━━━ The data ━━━

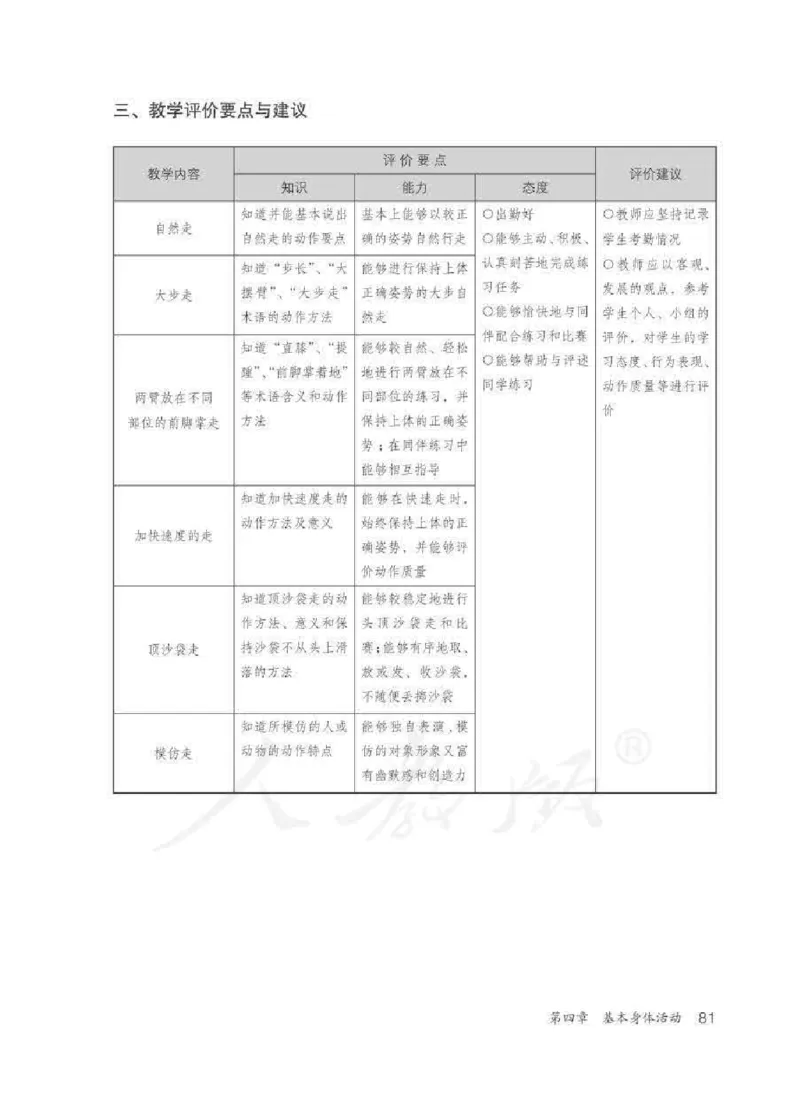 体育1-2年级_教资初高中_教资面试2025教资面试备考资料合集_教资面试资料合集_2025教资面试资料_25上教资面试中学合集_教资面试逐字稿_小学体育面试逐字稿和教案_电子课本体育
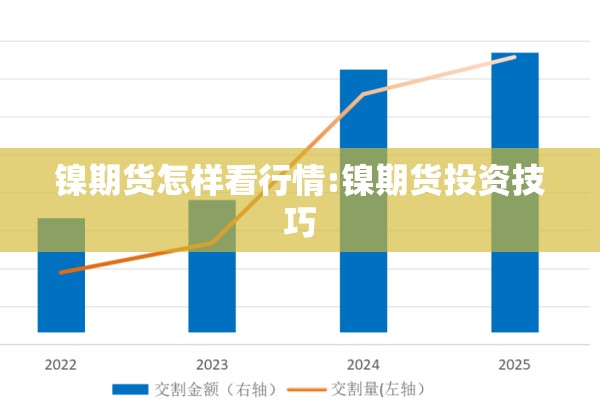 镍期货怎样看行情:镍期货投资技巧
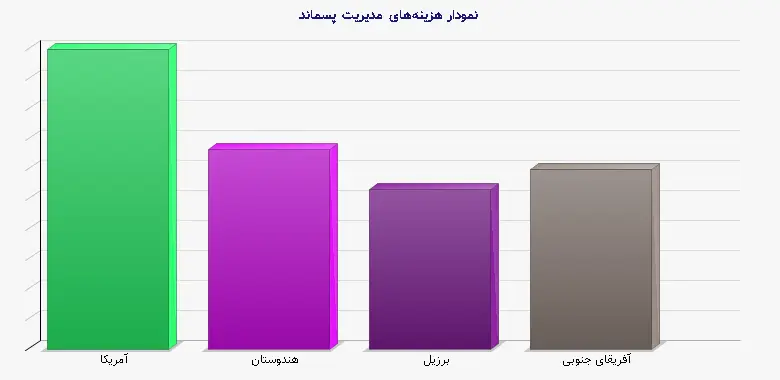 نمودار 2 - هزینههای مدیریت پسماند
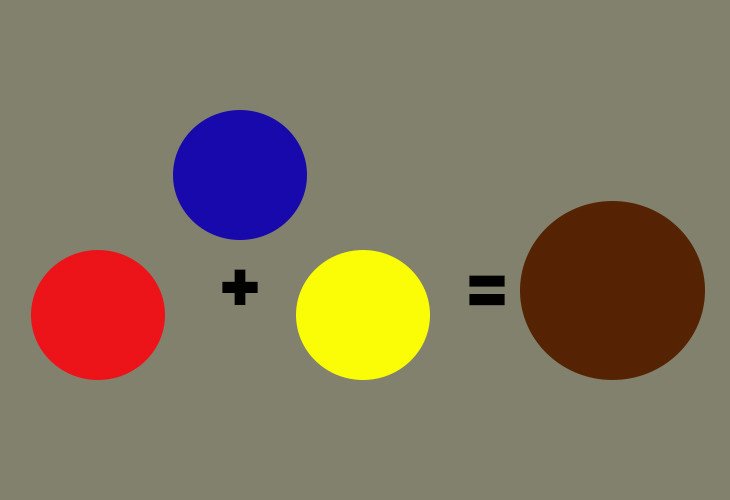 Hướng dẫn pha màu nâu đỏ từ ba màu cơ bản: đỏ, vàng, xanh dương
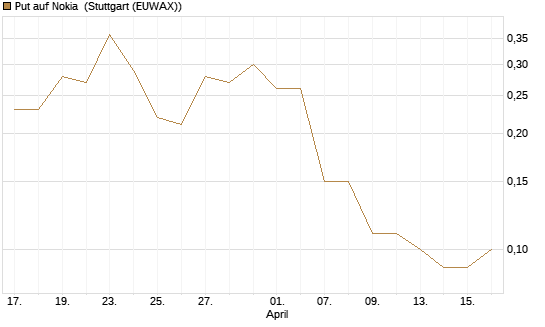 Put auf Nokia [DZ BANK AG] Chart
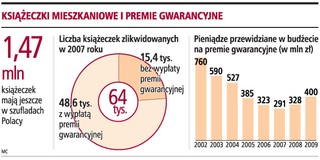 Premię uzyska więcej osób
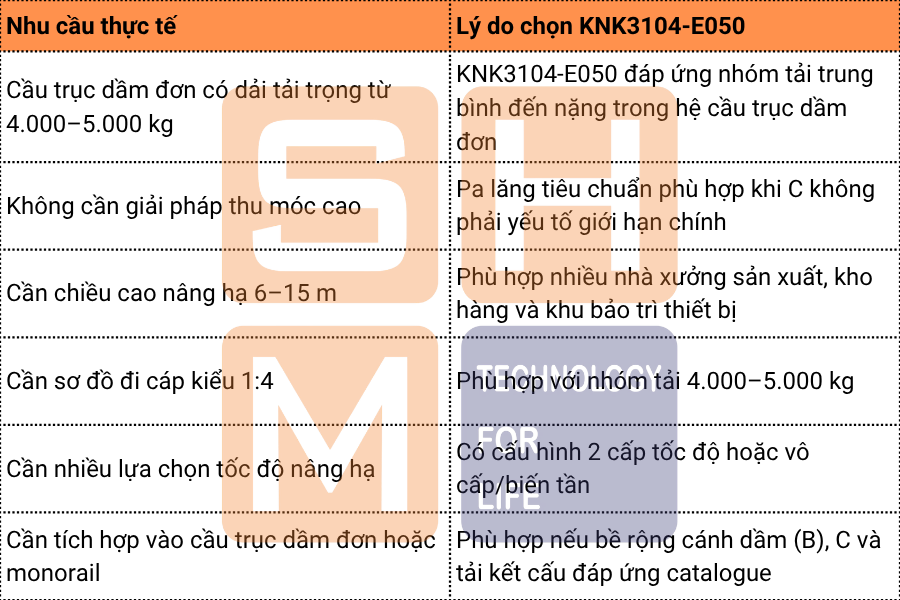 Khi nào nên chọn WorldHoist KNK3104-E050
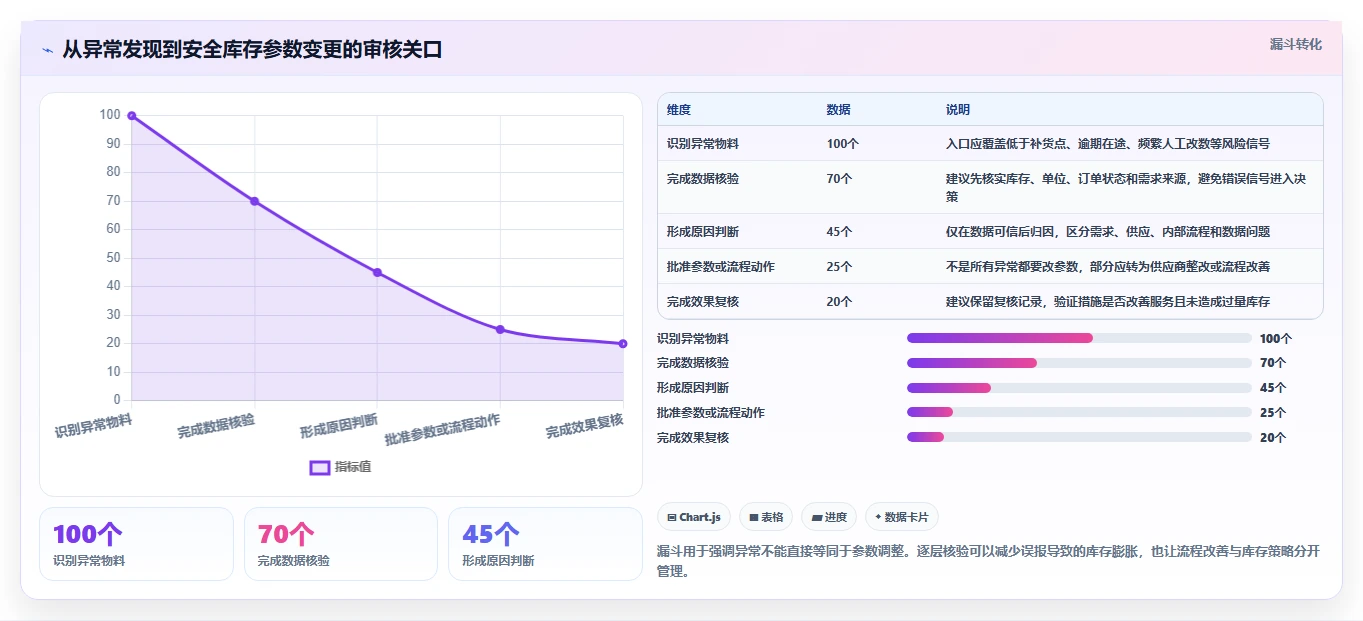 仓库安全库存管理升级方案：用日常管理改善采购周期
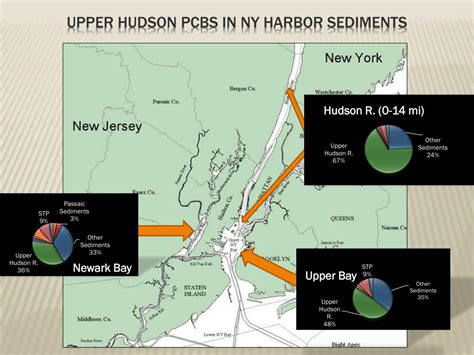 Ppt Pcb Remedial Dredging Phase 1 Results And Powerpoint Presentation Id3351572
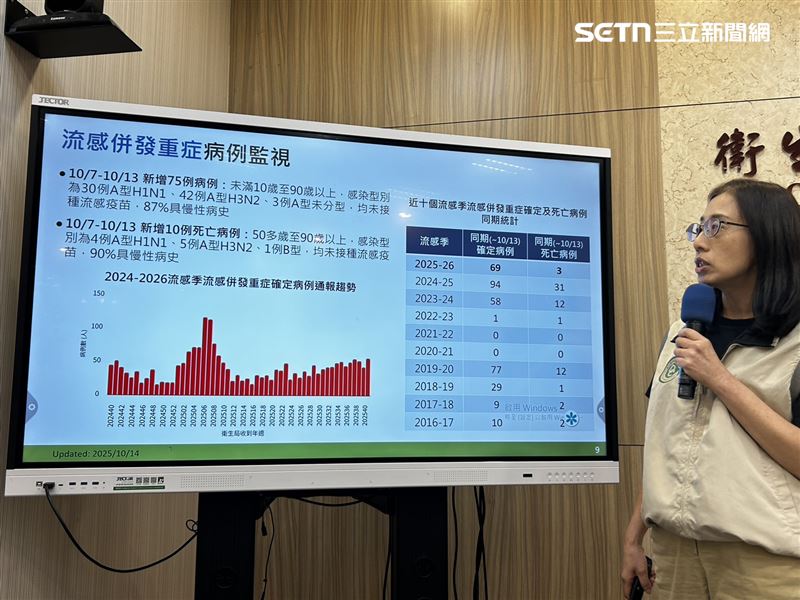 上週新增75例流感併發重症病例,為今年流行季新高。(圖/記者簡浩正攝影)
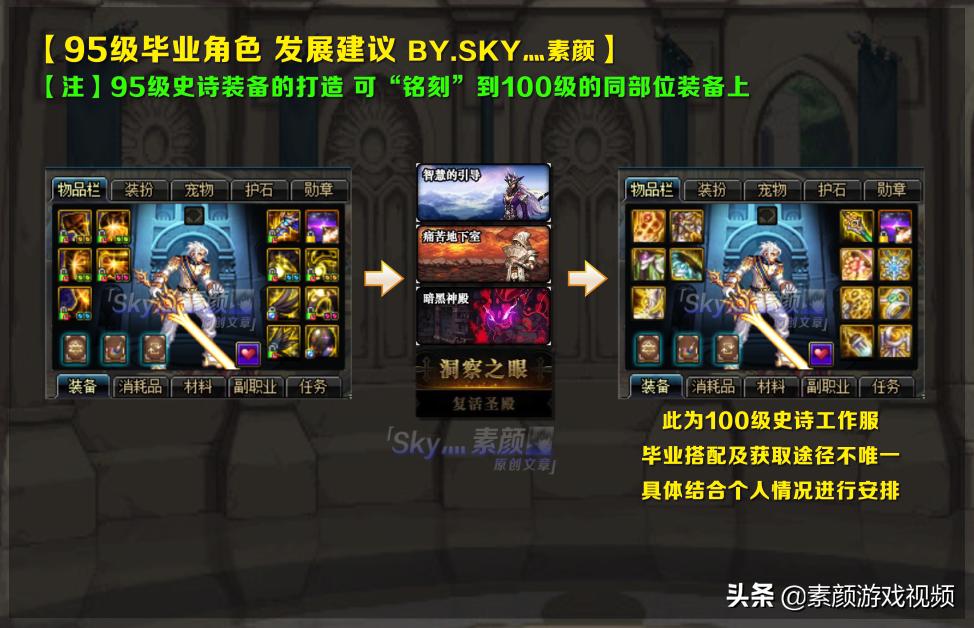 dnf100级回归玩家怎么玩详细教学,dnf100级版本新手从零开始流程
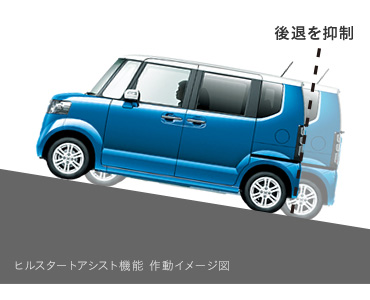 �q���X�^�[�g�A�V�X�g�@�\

━━━

- What this task involves -
The required output is the line containing "Ppt Pcb Remedial" plus every line after it to the end of the data, copied exactly and with no pictures.

- Solution below -
 Ppt Pcb Remedial Dredging Phase 1 Results And Powerpoint Presentation Id3351572
 上週新增75例流感併發重症病例,為今年流行季新高。(圖/記者簡浩正攝影)
 dnf100级回归玩家怎么玩详细教学,dnf100级版本新手从零开始流程
 �q���X�^�[�g�A�V�X�g�@�\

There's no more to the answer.